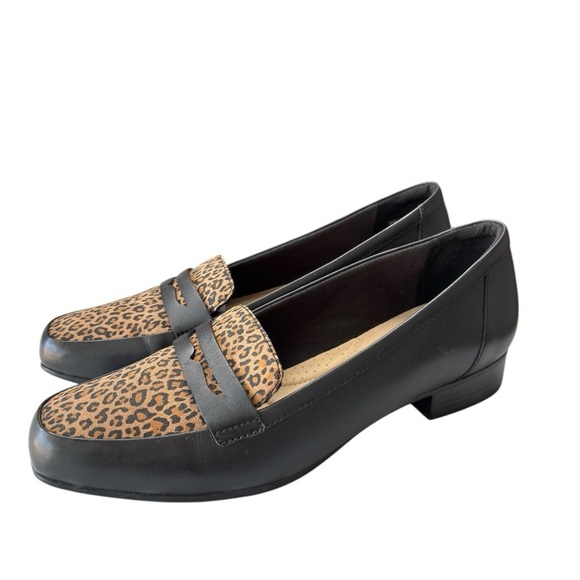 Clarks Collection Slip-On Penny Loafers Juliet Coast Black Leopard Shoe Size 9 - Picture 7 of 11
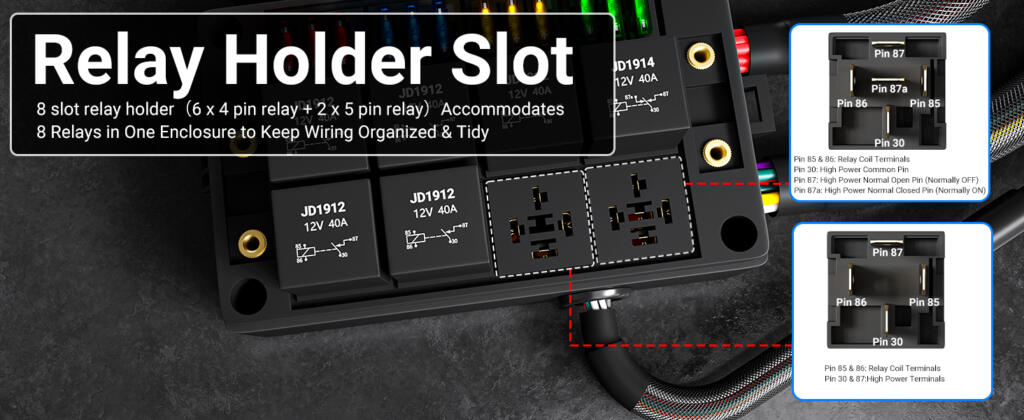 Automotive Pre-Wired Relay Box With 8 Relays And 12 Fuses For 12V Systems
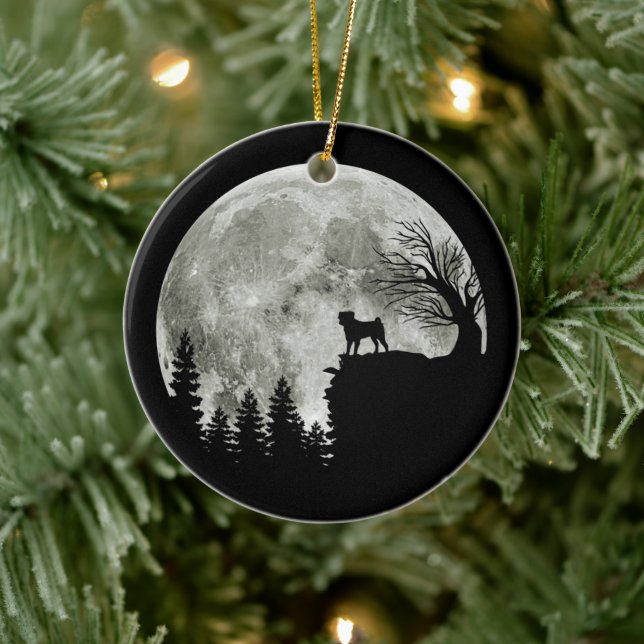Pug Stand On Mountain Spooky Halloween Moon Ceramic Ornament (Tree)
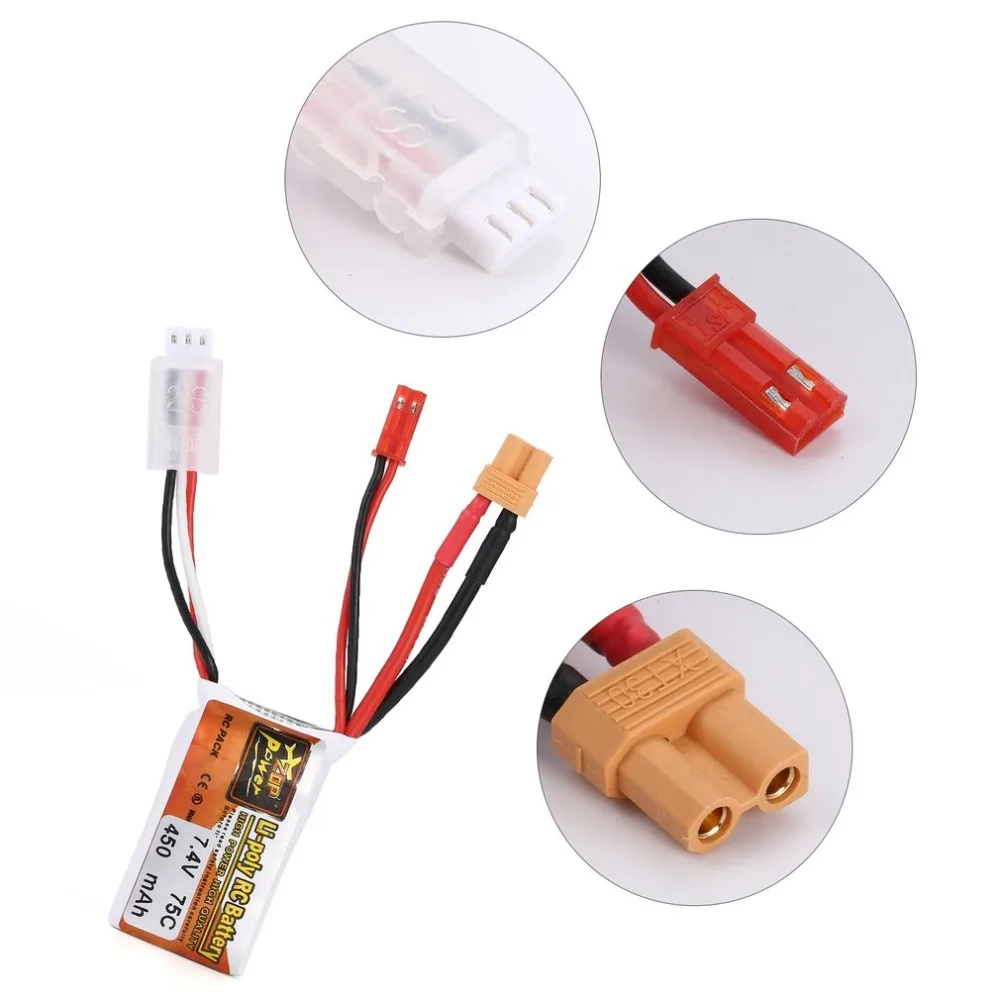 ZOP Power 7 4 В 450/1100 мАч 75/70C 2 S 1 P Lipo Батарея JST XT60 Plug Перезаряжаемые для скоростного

::::::::::

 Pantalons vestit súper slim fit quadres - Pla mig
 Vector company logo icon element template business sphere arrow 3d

::::::::::

[TASK PROMPT]
Output exactly the stretch of the listing that begins at the line containing "Pug Stand On" and ends at the line containing "ZOP Power 7", both kept. Omit pictures and everything else.

[RESPONSE TO THIS EXERCISE]
Pug Stand On Mountain Spooky Halloween Moon Ceramic Ornament (Tree)
 ZOP Power 7 4 В 450/1100 мАч 75/70C 2 S 1 P Lipo Батарея JST XT60 Plug Перезаряжаемые для скоростного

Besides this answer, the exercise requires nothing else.